## Task requirements
Below are several entries. Transcribe exactly those lines that fall from the one with "Chuteira Nike Mercurial" through the one with "Kastelruther Männerquartett Brand Page", end lines included.

## Study material
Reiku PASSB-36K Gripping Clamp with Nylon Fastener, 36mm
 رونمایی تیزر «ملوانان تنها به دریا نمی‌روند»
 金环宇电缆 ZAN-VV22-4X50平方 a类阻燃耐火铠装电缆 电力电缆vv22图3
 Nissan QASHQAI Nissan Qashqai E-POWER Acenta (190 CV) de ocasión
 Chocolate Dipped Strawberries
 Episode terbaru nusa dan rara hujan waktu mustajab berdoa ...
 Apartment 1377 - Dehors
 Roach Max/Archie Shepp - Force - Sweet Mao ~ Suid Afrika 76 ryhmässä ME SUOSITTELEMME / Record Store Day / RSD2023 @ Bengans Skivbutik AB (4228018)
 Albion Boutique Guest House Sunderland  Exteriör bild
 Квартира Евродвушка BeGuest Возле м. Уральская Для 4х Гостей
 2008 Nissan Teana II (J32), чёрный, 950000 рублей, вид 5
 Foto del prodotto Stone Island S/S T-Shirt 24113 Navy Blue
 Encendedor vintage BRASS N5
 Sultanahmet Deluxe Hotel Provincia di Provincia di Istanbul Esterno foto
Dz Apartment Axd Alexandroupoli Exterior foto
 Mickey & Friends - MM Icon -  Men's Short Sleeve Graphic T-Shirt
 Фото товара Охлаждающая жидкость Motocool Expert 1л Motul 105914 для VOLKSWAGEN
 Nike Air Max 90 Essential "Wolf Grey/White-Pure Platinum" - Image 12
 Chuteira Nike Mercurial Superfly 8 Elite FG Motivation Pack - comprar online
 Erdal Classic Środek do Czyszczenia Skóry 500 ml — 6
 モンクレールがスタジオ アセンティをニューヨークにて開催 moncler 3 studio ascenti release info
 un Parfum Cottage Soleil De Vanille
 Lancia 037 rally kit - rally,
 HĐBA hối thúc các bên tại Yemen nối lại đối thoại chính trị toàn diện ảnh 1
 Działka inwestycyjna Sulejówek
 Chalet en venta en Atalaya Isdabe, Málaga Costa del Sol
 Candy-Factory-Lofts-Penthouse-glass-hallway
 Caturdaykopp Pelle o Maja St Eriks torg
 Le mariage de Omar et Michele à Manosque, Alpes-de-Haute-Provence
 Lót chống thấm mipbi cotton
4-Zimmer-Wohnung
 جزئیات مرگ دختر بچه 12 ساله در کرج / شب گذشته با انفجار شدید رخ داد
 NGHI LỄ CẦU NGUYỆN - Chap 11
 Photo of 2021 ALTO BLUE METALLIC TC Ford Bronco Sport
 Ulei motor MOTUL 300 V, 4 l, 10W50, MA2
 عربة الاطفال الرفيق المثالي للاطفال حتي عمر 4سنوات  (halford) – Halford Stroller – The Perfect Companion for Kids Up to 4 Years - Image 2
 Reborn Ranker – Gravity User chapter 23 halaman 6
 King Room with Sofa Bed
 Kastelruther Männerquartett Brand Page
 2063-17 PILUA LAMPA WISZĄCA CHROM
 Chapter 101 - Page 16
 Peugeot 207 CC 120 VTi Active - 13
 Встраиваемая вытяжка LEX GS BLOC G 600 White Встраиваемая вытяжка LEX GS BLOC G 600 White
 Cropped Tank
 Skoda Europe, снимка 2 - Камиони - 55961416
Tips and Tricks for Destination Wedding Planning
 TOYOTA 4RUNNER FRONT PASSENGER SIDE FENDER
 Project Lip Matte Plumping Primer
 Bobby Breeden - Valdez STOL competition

## Finished exercise
 Chuteira Nike Mercurial Superfly 8 Elite FG Motivation Pack - comprar online
 Erdal Classic Środek do Czyszczenia Skóry 500 ml — 6
 モンクレールがスタジオ アセンティをニューヨークにて開催 moncler 3 studio ascenti release info
 un Parfum Cottage Soleil De Vanille
 Lancia 037 rally kit - rally,
 HĐBA hối thúc các bên tại Yemen nối lại đối thoại chính trị toàn diện ảnh 1
 Działka inwestycyjna Sulejówek
 Chalet en venta en Atalaya Isdabe, Málaga Costa del Sol
 Candy-Factory-Lofts-Penthouse-glass-hallway
 Caturdaykopp Pelle o Maja St Eriks torg
 Le mariage de Omar et Michele à Manosque, Alpes-de-Haute-Provence
 Lót chống thấm mipbi cotton
4-Zimmer-Wohnung
 جزئیات مرگ دختر بچه 12 ساله در کرج / شب گذشته با انفجار شدید رخ داد
 NGHI LỄ CẦU NGUYỆN - Chap 11
 Photo of 2021 ALTO BLUE METALLIC TC Ford Bronco Sport
 Ulei motor MOTUL 300 V, 4 l, 10W50, MA2
 عربة الاطفال الرفيق المثالي للاطفال حتي عمر 4سنوات  (halford) – Halford Stroller – The Perfect Companion for Kids Up to 4 Years - Image 2
 Reborn Ranker – Gravity User chapter 23 halaman 6
 King Room with Sofa Bed
 Kastelruther Männerquartett Brand Page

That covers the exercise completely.